__EXTRACTED MATERIAL__.
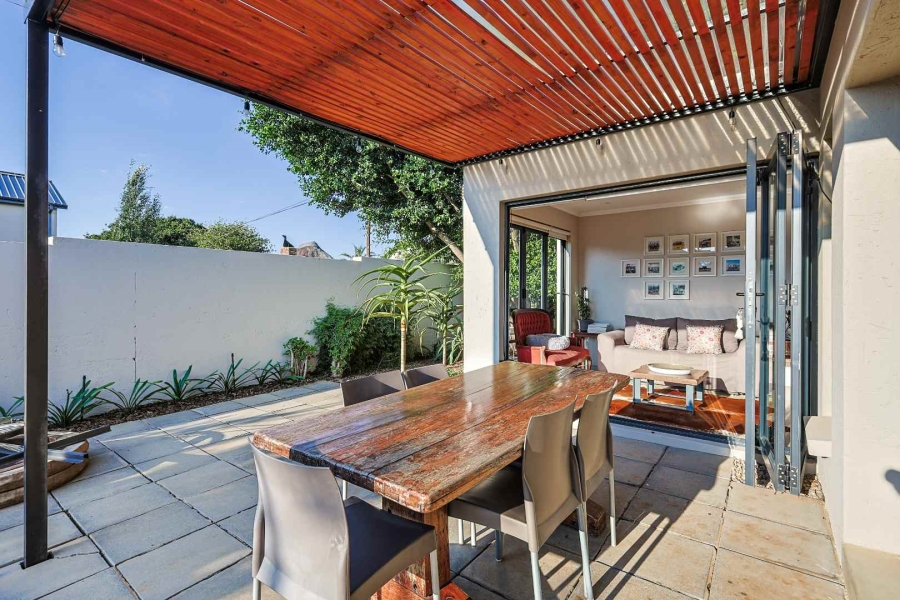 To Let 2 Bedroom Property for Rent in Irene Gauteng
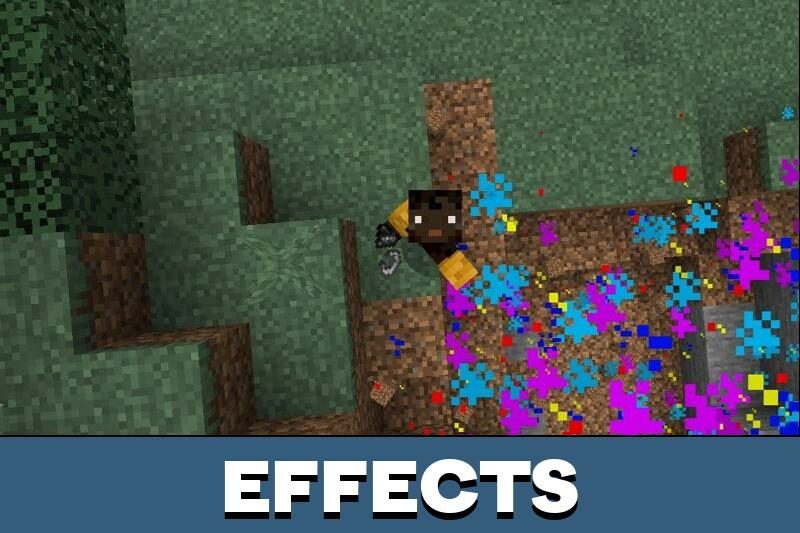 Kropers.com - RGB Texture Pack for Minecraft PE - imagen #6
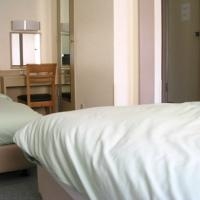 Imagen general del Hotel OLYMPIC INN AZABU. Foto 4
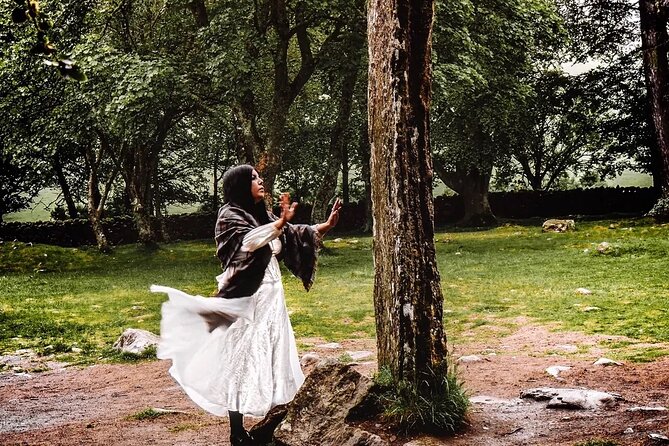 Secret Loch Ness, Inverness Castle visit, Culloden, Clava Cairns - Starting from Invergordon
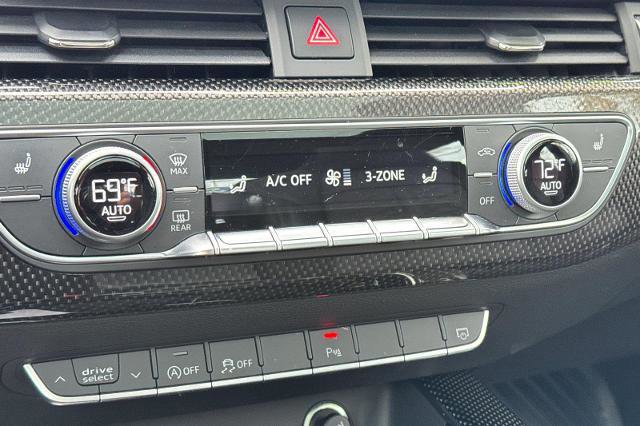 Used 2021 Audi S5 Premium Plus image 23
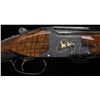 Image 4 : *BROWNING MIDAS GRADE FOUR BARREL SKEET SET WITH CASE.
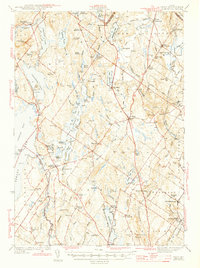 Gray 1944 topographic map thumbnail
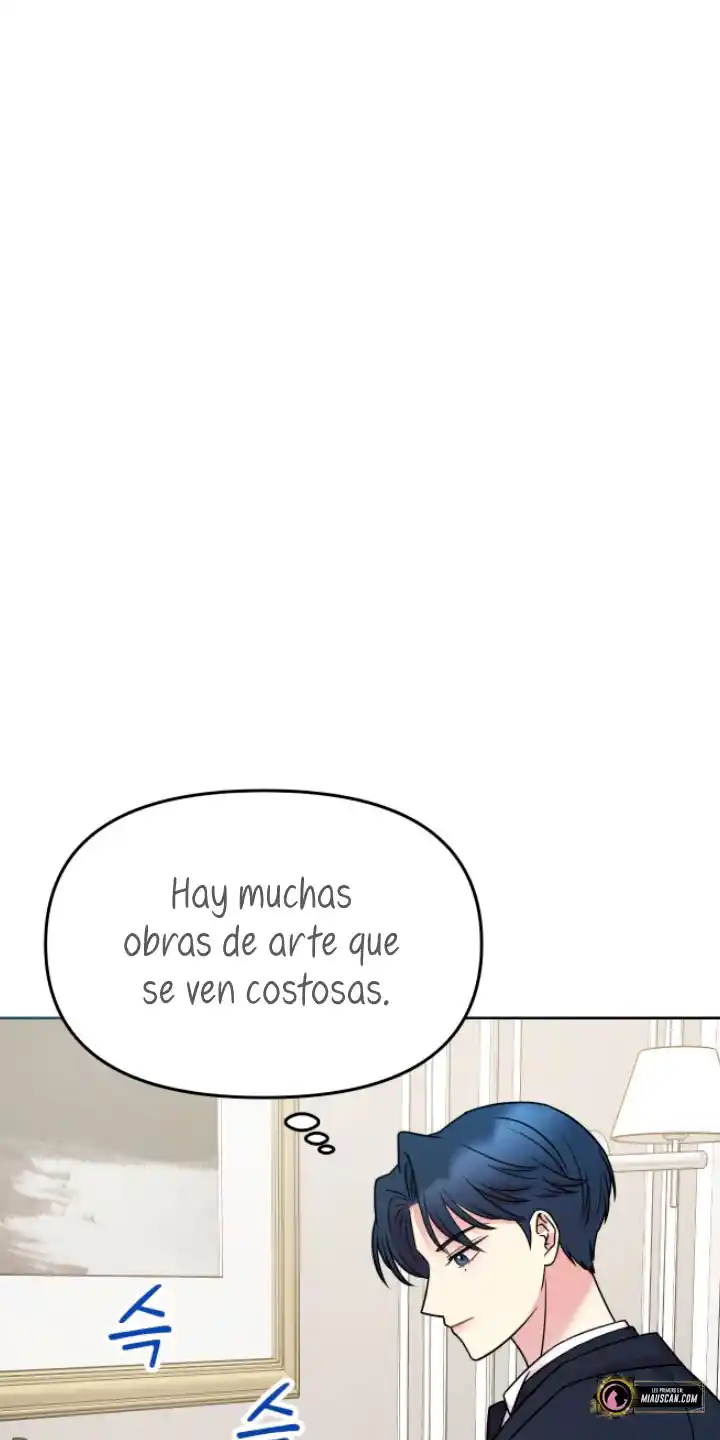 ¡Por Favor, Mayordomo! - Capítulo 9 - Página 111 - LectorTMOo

__WORK REQUEST__. Leave every picture out and write out exactly the lines from the line with "Imagen general del" through the last line of the material.

__EXERCISE OUTPUT__.
 Imagen general del Hotel OLYMPIC INN AZABU. Foto 4
 Secret Loch Ness, Inverness Castle visit, Culloden, Clava Cairns - Starting from Invergordon
 Used 2021 Audi S5 Premium Plus image 23
 Image 4 : *BROWNING MIDAS GRADE FOUR BARREL SKEET SET WITH CASE.
 Gray 1944 topographic map thumbnail
 ¡Por Favor, Mayordomo! - Capítulo 9 - Página 111 - LectorTMOo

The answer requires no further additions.